If you’re planning a June wedding, you might want to consider I Do … I Think. It’s a one-woman show by New Yorker Amanda C. Thompson, who explores her take on “the blissful day” and the first year of marriage. Solo performers have become a staple of Fringe festivals, and this one sounds like one audiences will flock to see, in the vein of last year’s wildly popular A Catholic Girl’s Guide to Losing Your Virginity.

Given the present polling on the popularity of President Bush, I Take It Back should be a hit. It’s another solo piece. This one follows a Ohio woman’s quest to take back the vote she cast for George W. Bush during the 2004 presidential election.

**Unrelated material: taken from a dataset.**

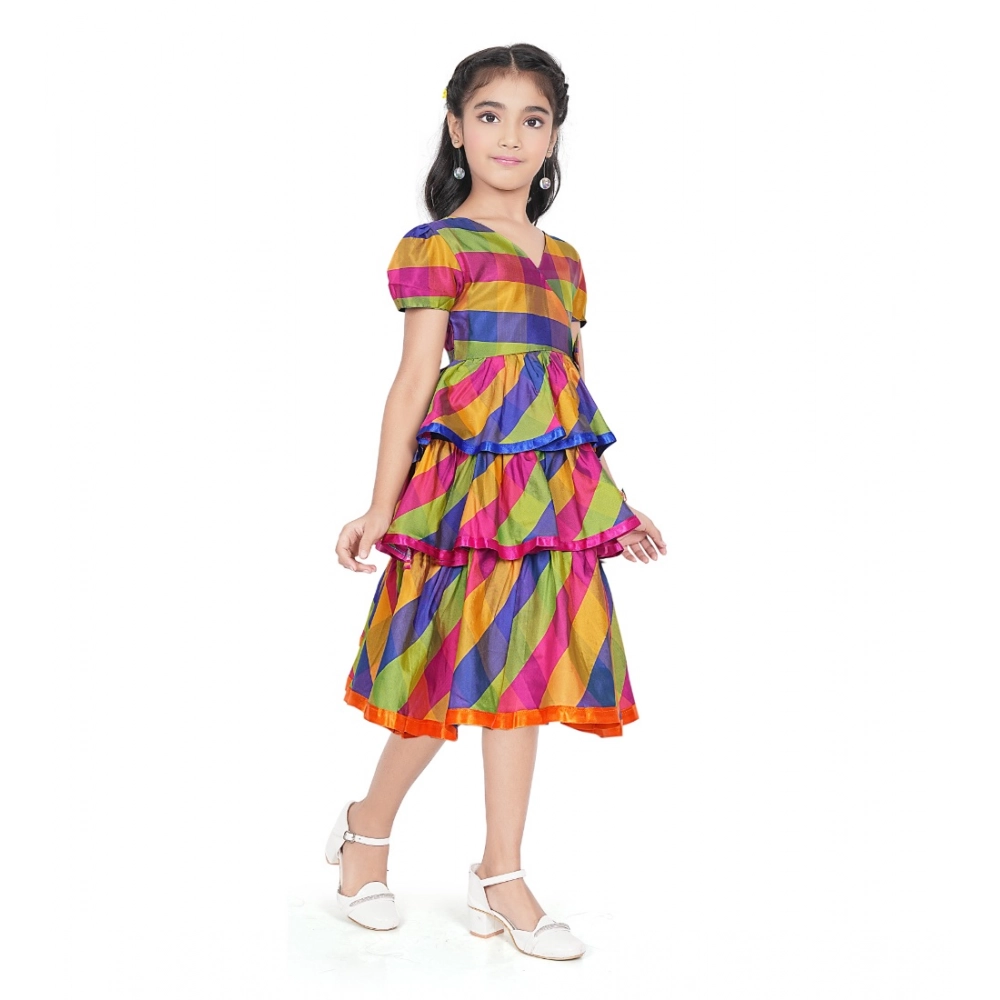 Multicolor Taffeta Silk Striped Dress for Girls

It’s been assembled by Odds & Ends Productions from Pittsburgh.

Sometimes we have to let the publicity speak for itself. Woof! The Road Show, presented by Ragged Blade Productions from St. Louis, is described as “a two-man musical about dogs, pancakes, sex and theater.” It also appears that this continues to be a work-in-progress, so the actors are never quite sure from one performance to the next what they’ll be doing.

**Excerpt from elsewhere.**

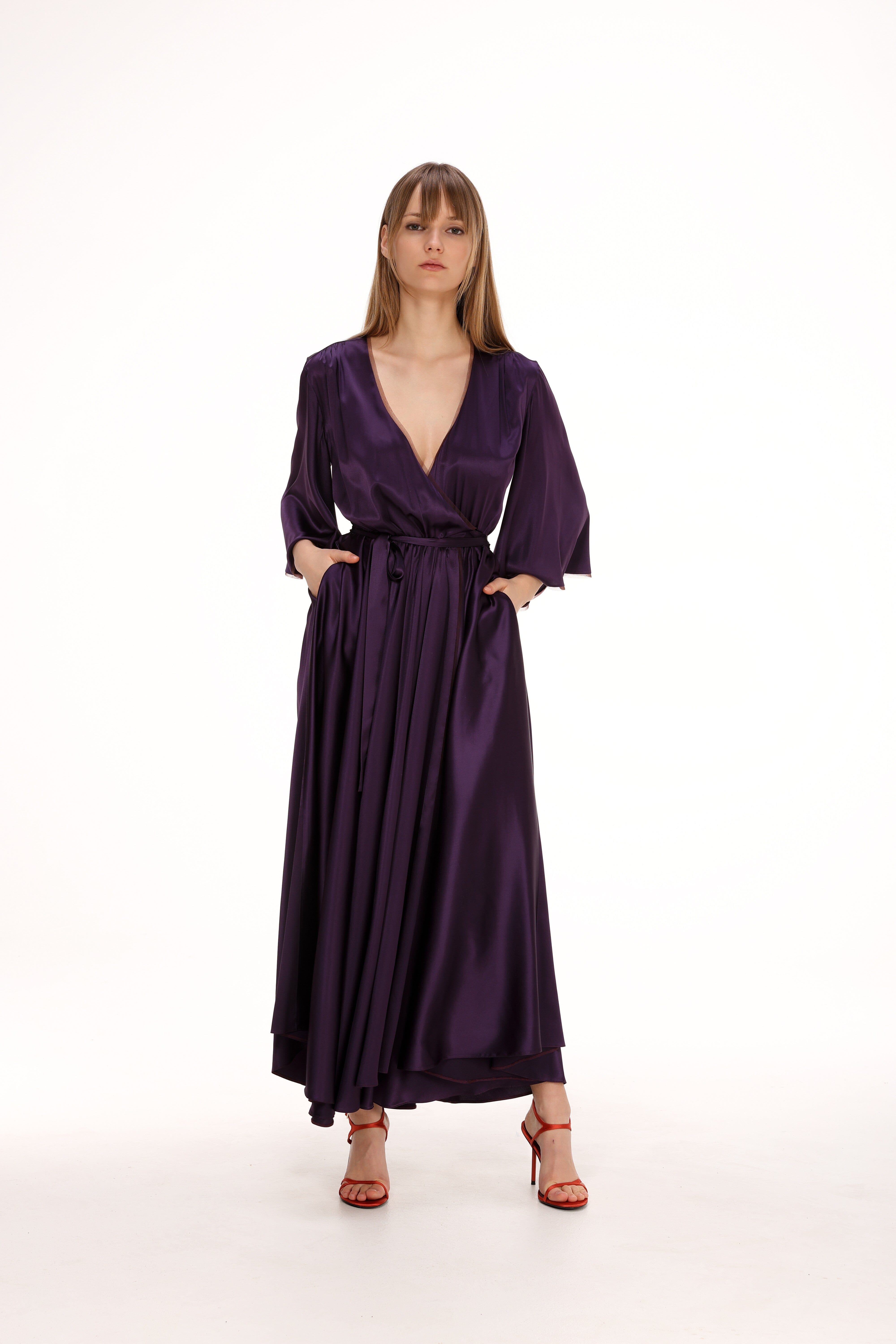  Silk Midi Wrap Dress in Plum Product Amoralle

In the 2006 Fringe Festival, Richard Hess (who heads the drama program at UC’s College-Conservatory of Music), had the golden touch. His (UN)Natural Disasters was the Fringe’s most innovative work (and winner of the Producer’s Pick), and The Catholic Girl’s Guide to Losing Your Virginity, which he directed, was the most popular (and winner of the Audience Pick). This year, Hess is staging The Kid in the Dark, an original one-act song cycle dealing with love, loss, fear and hope. It will feature five CCM students performing original songs by a local team, Mark Halpin and Andrew Smithson. This one gets my “best bet” award.

Some of the most energetic theater on the local scene has been emanating from New Stage Collective, which recently announced a permanent space on Main Street. A dimension of NSC, the Satori Group, is undertaking an ensemble piece inspired by experimental writer Charles Mee, who encourages theater companies to take his works and evolve them into derived performances. Satori will use Mee’s Fetes de la Nuit, set in the France’s worker revolution from 1968, to explore the phenomenon of cultural revolution in today’s world. They’ll weave in spoken word poetry by Saul Williams and films by Jean-Luc Godard and Richard Linklater to create iLove — what they’re calling an “un-original, original work.”

Local audiences flocked to Know Theatre back in December for Christmas Yet to Come, a Christmas Carol update that featured Exhale Dance Tribe Project. The brainchild of dancers Andrew Hubbard and Missy Lay Zimmer will be back for its third Fringe Festival with a new program.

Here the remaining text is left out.